Risks, technologies and prevention: development policies entail a greater risk to collective and individual safety. These dangers can be seen as inevitable risks that have to be reduced as much as possible thanks to technology. But are all risks equal? Are social risks the same as technological or urban risks? Will prevention, which is a long-term and uncertain process, be replaced by mere risk management? Will social insecurity be left aside, in favour of a more technological management of its consequences?

Governance and citizenship: the complexity of insecurity, the management of its reality and the feeling of insecurity lead to a governance associating public and private partners. Efficiency needs to be based on analyses and responses that deal with real problems encountered on the field. What goes on in our streets, our cities, our neighbourhood, is linked to the globalisation of criminal phenomena. Many voices call for an involvement of citizens in the definition and implementation of actions, but this is easier said than done.

Cities and sustainable development: the city is the backbone of our prevention and safety policies. The multiplicity of factors creating insecurity demands global answers in the various fields of public policies contributing to sustainable development. Social, cultural and architectural policies are the basis of local development plans. Crime prevention must combine short term action and long term vision.

A Europe open to the world: analyses of the threats posed to the safety of European citizens are generally unbalanced because most give more importance to certain threats over others. Terrorism, organised crime, trafficking in human beings are linked to human migrations.
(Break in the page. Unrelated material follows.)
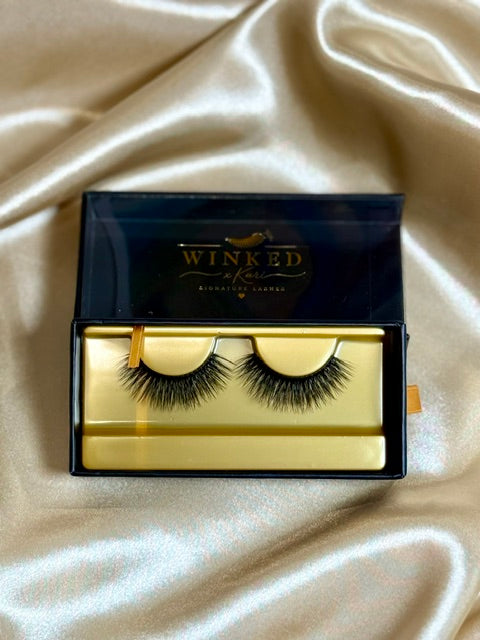 Icon strip lashes in open black and gold Winked Rose box on satin fabric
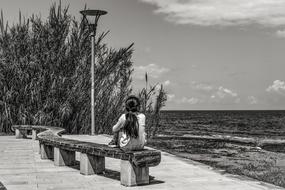 black and white photo of Thoughtful Girl on bench on Sea coast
In general, responses to these phenomena are narrow and pose a threat to freedoms: the freedom of movement, of work and of trade. Will Europe focus on security at its frontiers without taking into account prevention on its own territory and in neighbouring countries, which need to be based on an overall development policy?

The conference “The future of prevention” will include plenary sessions on each of these four key themes, but also a wide array of workshops on the following themes: urban risks, evaluation of prevention, city and organised crime, “why does it work?”, large events, the school of citizenship, rules for living together, the city at night, prevention messages and internet, Mum, Dad, the Mayor and me, sex and violence, sports and prevention, mediation, prevention police, prevention and culture, addictions and drugs, public spaces and safety, collective violence.

In addition to the plenary sessions and the workshops, there will be other types of activities. Thus, the “research-action” sessions will allow researchers to present a theme in ten minutes, followed by Q&A sessions with the public. The “zoom sessions” will allow cities, associations, NGOs and professional organisations to present an initiative of their choice, which can be for instance a specific project, a practice or an association.

The “skills and training” activities will include various workshops aimed at comparing the competencies and status of the different prevention stakeholders such as coordinators, police officers, social workers, mediators and elected officials. These activities will also focus on the European Executive Master in Urban Security (EEMUS), and the various learning programmes available at universities and professional training centres, or aimed at local authorities staff.

Lastly, there will be exhibition spaces with stands available for rent.

The conference will also host live performances. We hope that cultural performances will be a significant part of the 2012 conference and we wish many cities will take part in them. We are particularly keen to showcase the work of young people.

The programme of the conference will be debated throughout the Efus all along the year 2012. Early in 2012, we will open workshops on all the themes of the conference. Each workshop can be focused on preparing a theme chosen by its participants, and all the workshops will contribute to the final Manifesto.

We will give regular information about the 2012 conference on our website.